Source material START

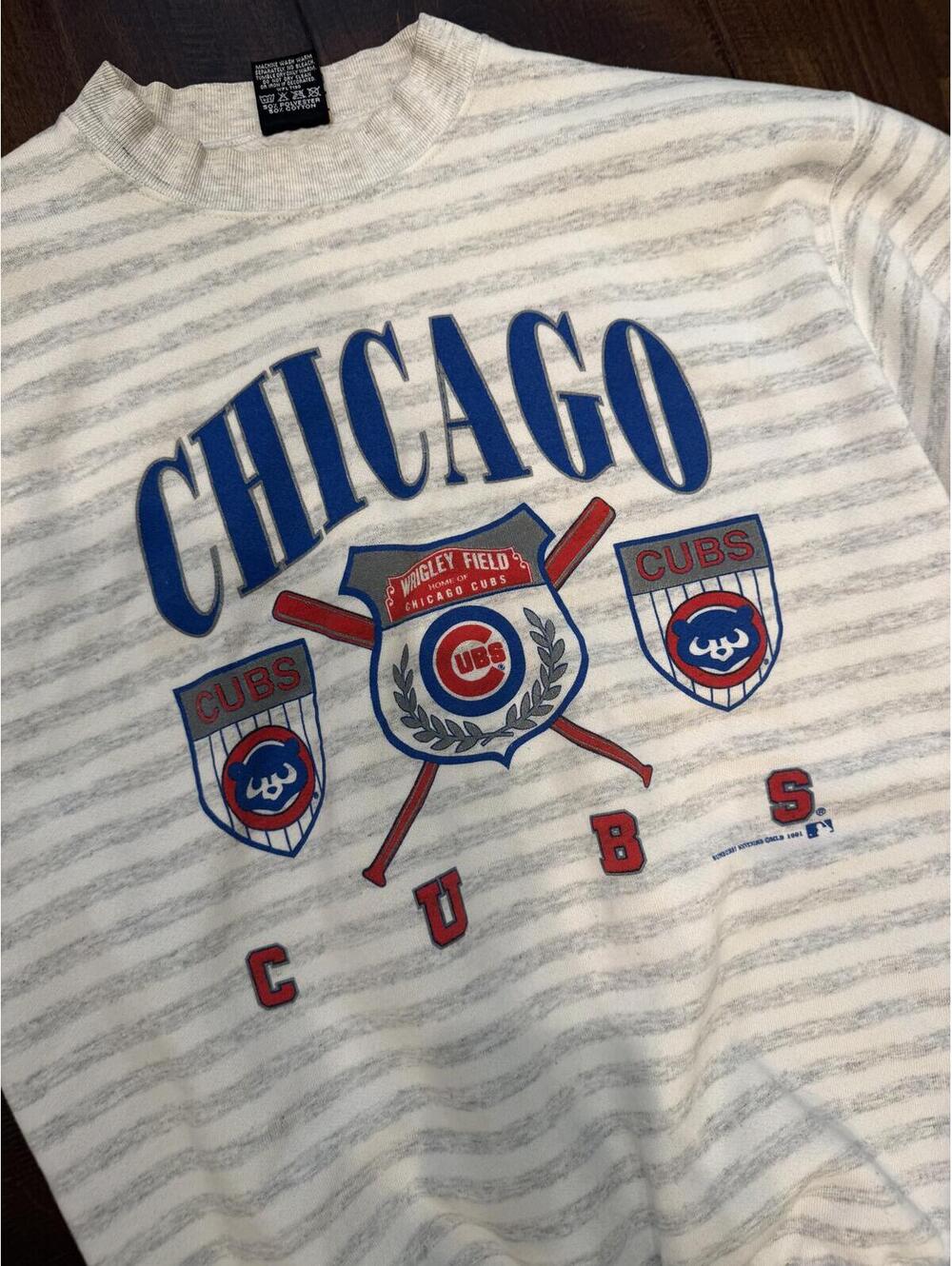 Vintage 90s Chicago Cubs Wrigley Field Sweatshirt H.L. Miller Gold USA - Picture 2 of 7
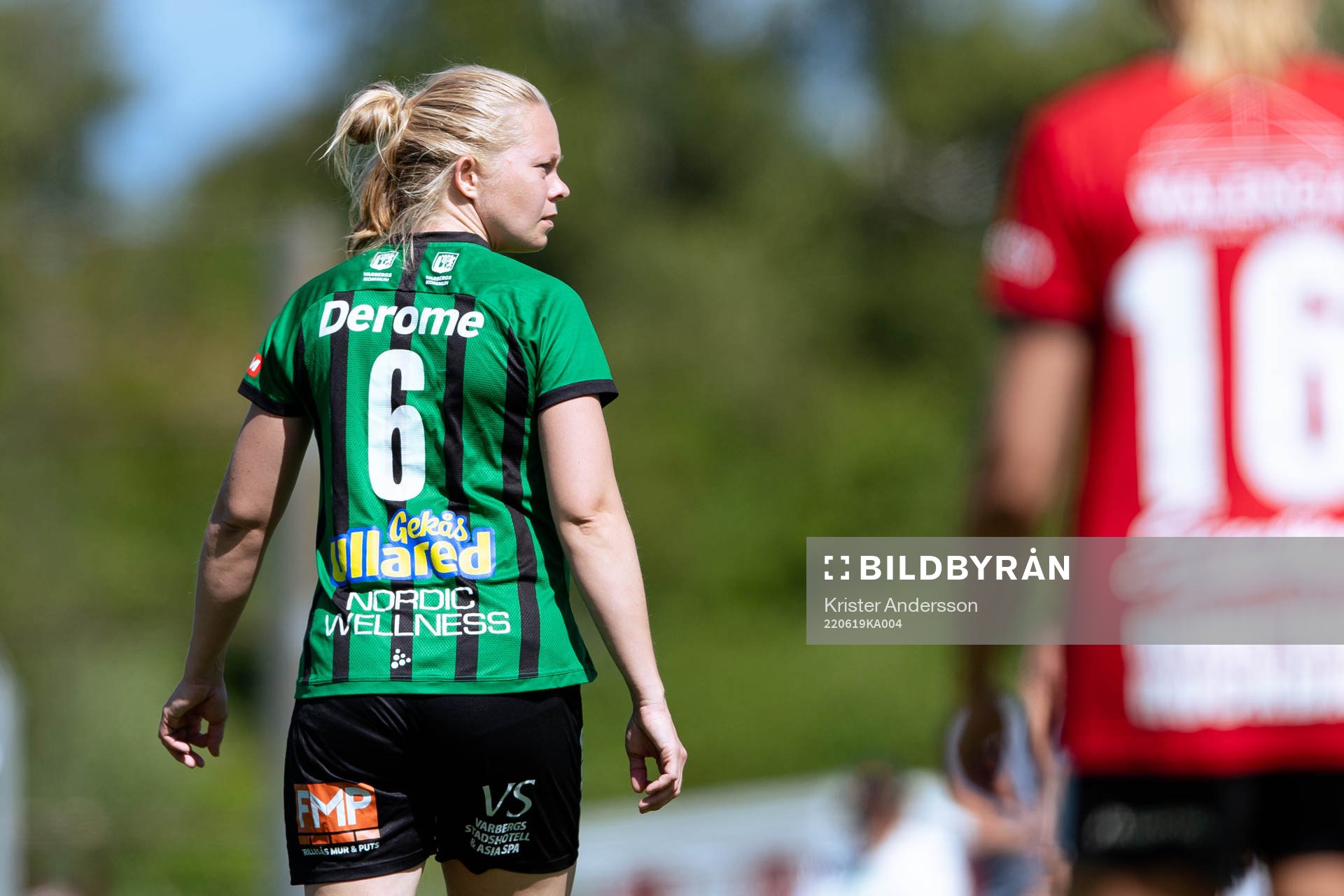 Varbergs Leena Puranen Skogman under fotbollsmatchen i div 2 Västra Götaland mellan Varberg och Stafsinge den 19 juni 2022 i Varberg.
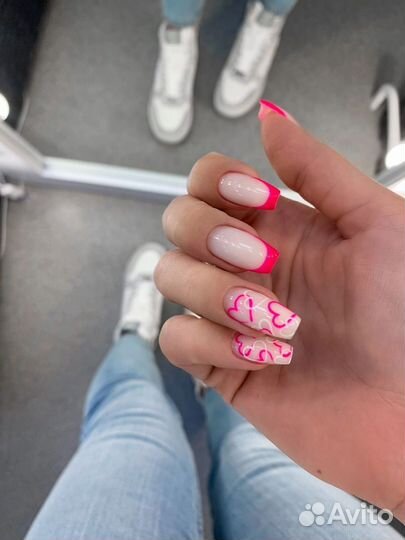 Маникюр и педикюр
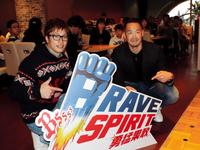 今季のキャッチフレーズ「ＢＲＡＶＥ　ＳＰＩＲＩＴ　勇猛果敢」のボードを手にする安達（左）とＴ－岡田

Source material END

Problem description: The whole listing must be transcribed exactly. No pictures belong in the copy.

Written response:
 Vintage 90s Chicago Cubs Wrigley Field Sweatshirt H.L. Miller Gold USA - Picture 2 of 7
 Varbergs Leena Puranen Skogman under fotbollsmatchen i div 2 Västra Götaland mellan Varberg och Stafsinge den 19 juni 2022 i Varberg.
 Маникюр и педикюр
 今季のキャッチフレーズ「ＢＲＡＶＥ　ＳＰＩＲＩＴ　勇猛果敢」のボードを手にする安達（左）とＴ－岡田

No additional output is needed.